Immagino che mettere al mondo un figlio sia piuttosto delicato; almeno questo è quello che immagino essendo io stesso un figlio.
Non parlo dell’atto in sé che può essere a sua volta delicato. Per un uomo ad esempio, è delicato, l’atto in sé; ma già tutto cambia per una donna: nei panni di una donna, l’atto in cui si mette al mondo un figlio è delicato? È quel momento che tendenzialmente – e prendete queste parole, tutte queste parole, con le molle – può essere considerato delicato, oppure quel momento che è generalmente considerato come il più doloroso possibile? Oppure tutto ciò che sta nel mezzo? Questo non posso veramente saperlo perché da parte mia sono nato con un cesareo.
Ma più dell’atto in sé, credo che sia delicato ciò che accade da dopo l’atto in sé fino alla fine, a quando un figlio non torna da dove è venuto, ovvero dal caos.

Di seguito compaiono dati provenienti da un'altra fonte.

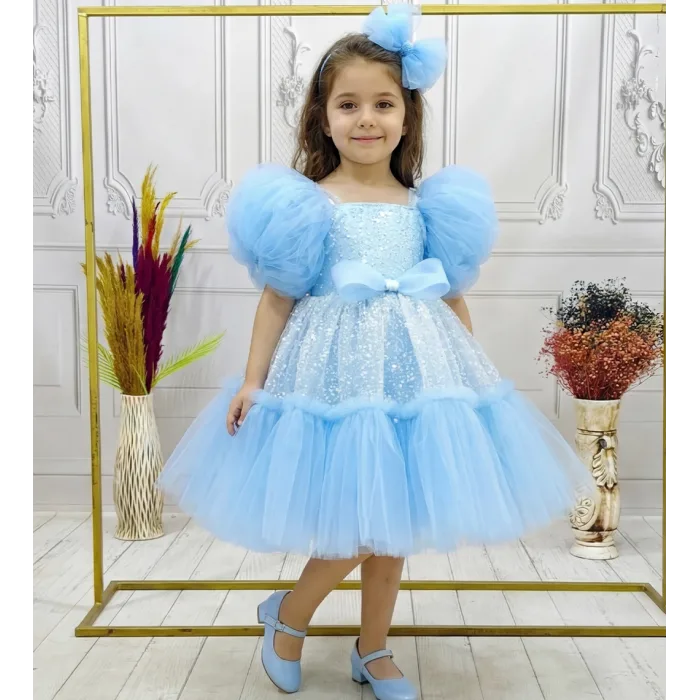 Bebe Mavisi Taşlı Boncuklu Straplez Kabarık Elbise Abiye Gelinlik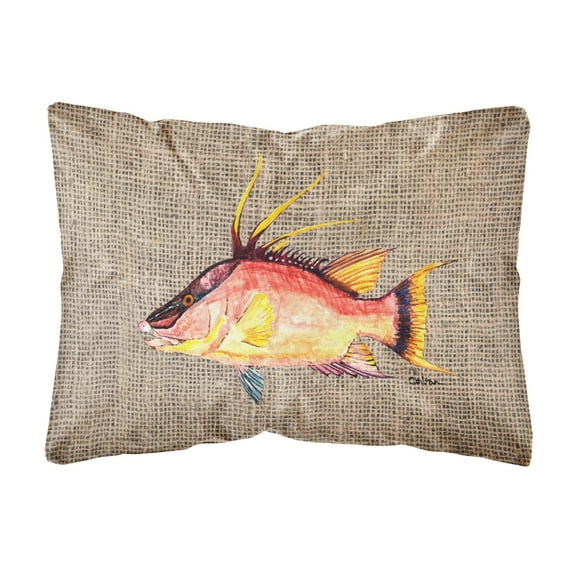 Carolines Treasures 8753PW1216 Hog Snapper on Faux Burlap Canvas Fabric Decorative Pillow, 12H x16W, multicolor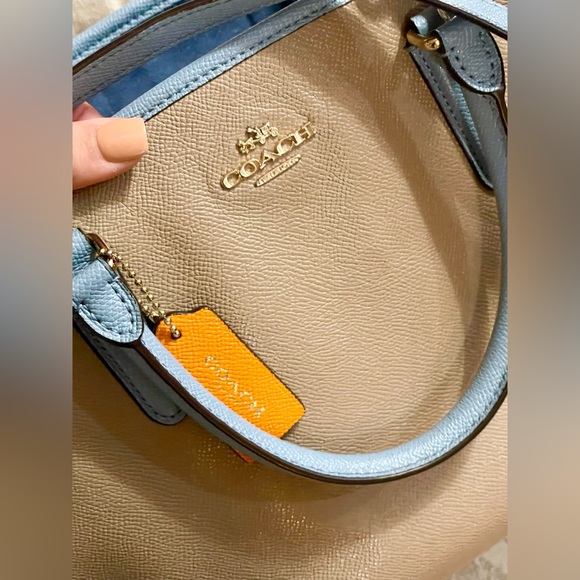 Coach Margot colorblock blue and orange leather carryall shoulder bag - Picture 8 of 10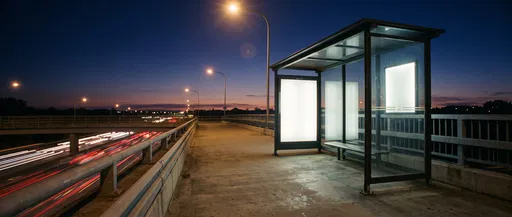 Empty Bus Shelter on Overpass at Dusk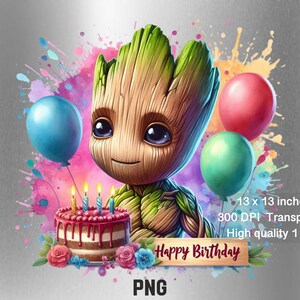 以下が含まれることがあります： 緑と茶色のキャラクターが、ろうそくが灯った誕生日ケーキを持っている、漫画のイラスト。キャラクターはカラフルな風船と水彩画の背景に囲まれている。「Happy Birthday」という文字が木製の看板に書かれている。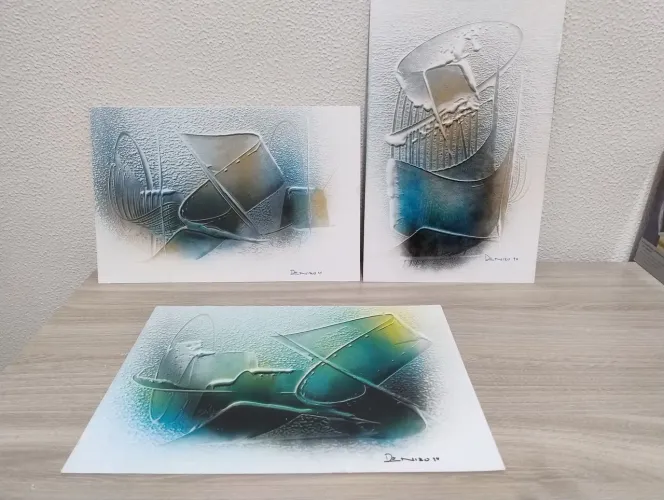 Lote com 3 pinturas originais, pintor De Nizo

Tra questi due momenti, che non riusciamo a stabilire – esisteranno davvero? –, c’è quella che io chiamo vita e che voi potete chiamare in realtà come vi pare.
Quando avevo pochi anni, mia madre mi porgeva la mano ogni sera, prima che mi addormentassi, ed io la stringevo nella mia: la sua mano era morbida e calda, e lei cercava di rilassarla il più possibile; spesso, però, mia madre si addormentava prima di me e quella mano che mi lasciava stringere la potevo sentire mentre era percorsa da leggere scosse nervose.
Mi chiedevo, allora, se ero io ad addormentare lei, o lei ad addormentare me.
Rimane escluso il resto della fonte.